Though enforcement of Friday’s ruling will begin in mid-November and will continue with possible annual review for five years, “just the fact that they [the petitioners] made the case is important,” Van Scotter said.

The Chinese and Indonesian companies “actually proved their own guilt when they stopped selling at their low prices. That changed the market already,” Van Scotter said.

Snowe’s bill would help solidify gains created by the ruling, Catella said.

Under her bill, the U.S. Department of Commerce would begin investigating the evasion of trade remedy laws and tariffs. Commerce officials help rule on unfair-trade practice complaints, but only customs authorities can investigate and enforce tariffs. The bill would force agency cooperation and increase tariff enforcement, Catella said.

The act also sets for the first time a deadline — 60 days — in which the federal government must rule on complaints of violations, and if a preliminary ruling cites one, tariffs would be collected from the violator until the ruling is completed or overturned.
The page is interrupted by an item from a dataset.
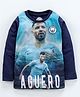 Game Begins Full Sleeves Tee Aguero Football Player Print - Blue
The act also would help improve product safety, Catella said.

Several trade and industry groups, including the American Honey Producers Association, the Coalition for Enforcement of Anti-dumping and Countervailing Duty Orders, and the Committee to Support U.S. Trade Law, endorse the act, Snowe said.

The federal government is tasked with enforcing more than 300 tariffs on companies or countries that profit from illegal subsidies or that commit market-dumping, Catella said — a vast job that cuts through many bureaucracies and agencies.

Bigney said Snowe’s bill is “a good step in the right direction,” but that rewrites of the individual trade agreements that govern international commerce involving the U.S., such as NAFTA, would work better.

Her organization supports the Trade Reform, Accountability, Development and Employment or TRADE Act of 2009 introduced by 2nd District U.S. Rep. Mike Michaud and U.S. Sen. Sherrod Brown, D-Ohio, she said.